** Material shown follows **

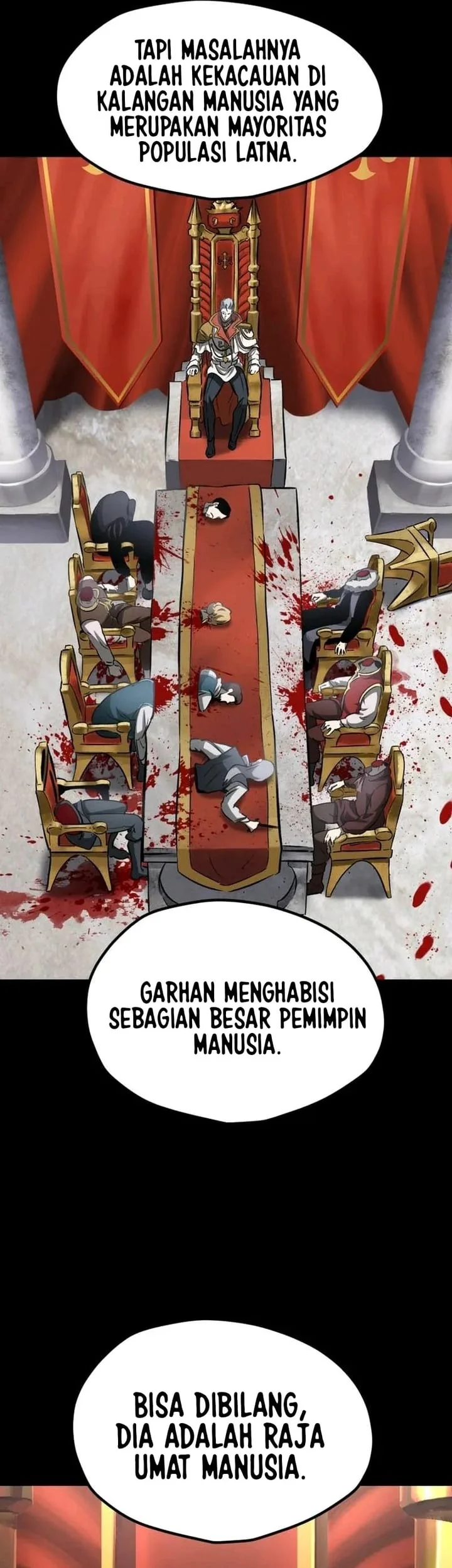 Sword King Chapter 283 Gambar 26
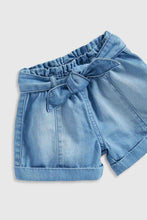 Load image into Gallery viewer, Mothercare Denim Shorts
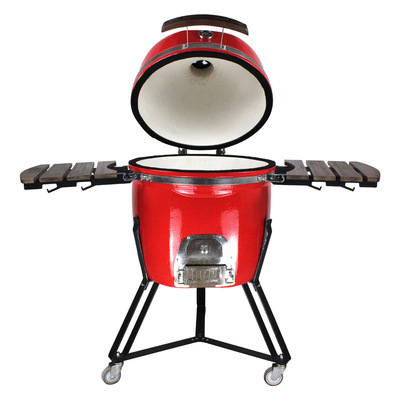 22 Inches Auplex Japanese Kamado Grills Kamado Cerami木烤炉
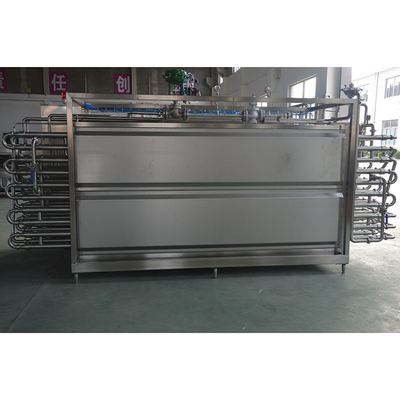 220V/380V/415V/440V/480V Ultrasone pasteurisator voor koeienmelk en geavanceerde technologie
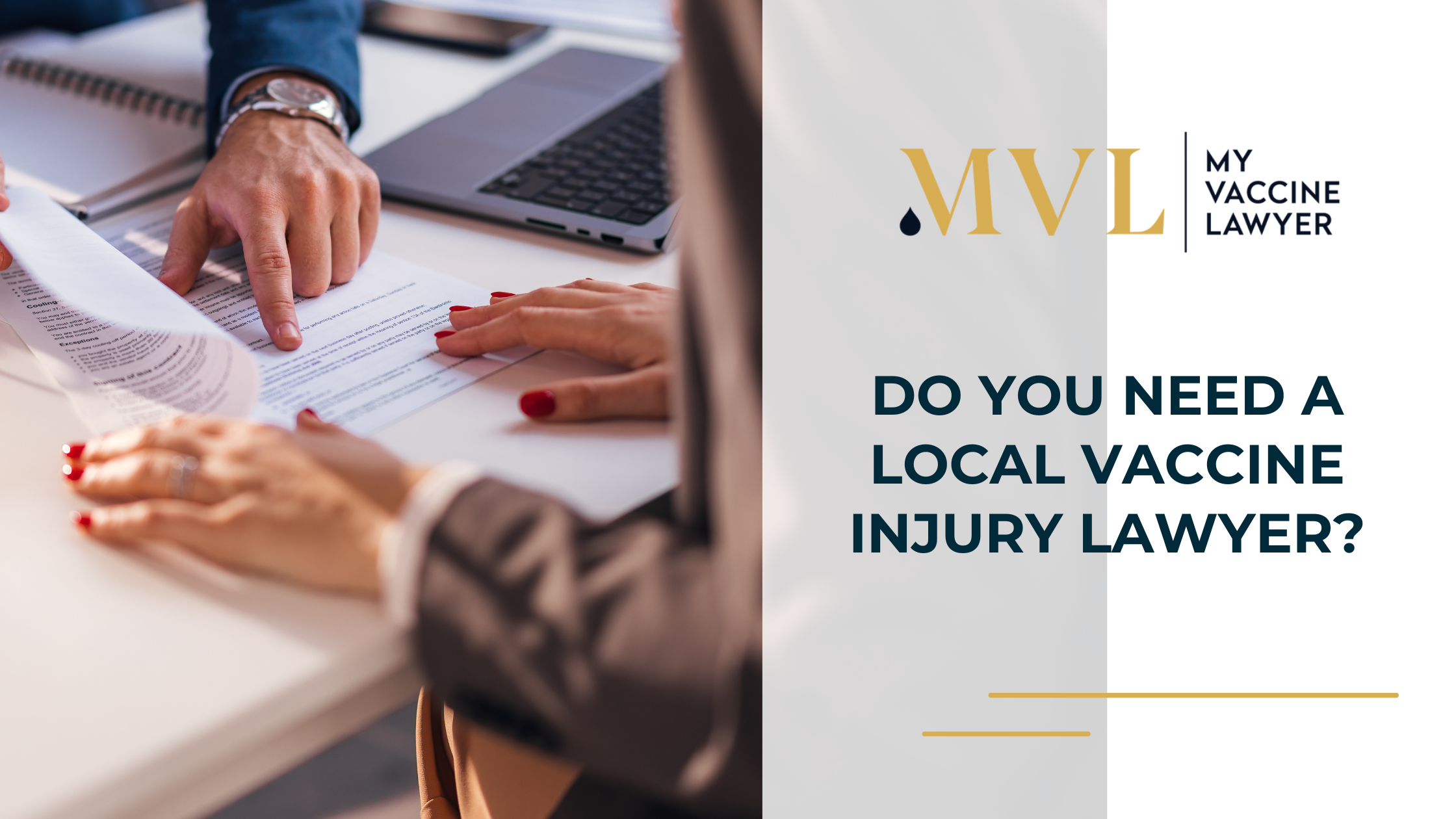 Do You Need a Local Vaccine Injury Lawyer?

** End of Material shown **

◆ The problem:
What is wanted is the listing, written out exactly, with each picture removed.

◆ Task solution:
 Sword King Chapter 283 Gambar 26
 Load image into Gallery viewer, Mothercare Denim Shorts
 22 Inches Auplex Japanese Kamado Grills Kamado Cerami木烤炉
 220V/380V/415V/440V/480V Ultrasone pasteurisator voor koeienmelk en geavanceerde technologie
 Do You Need a Local Vaccine Injury Lawyer?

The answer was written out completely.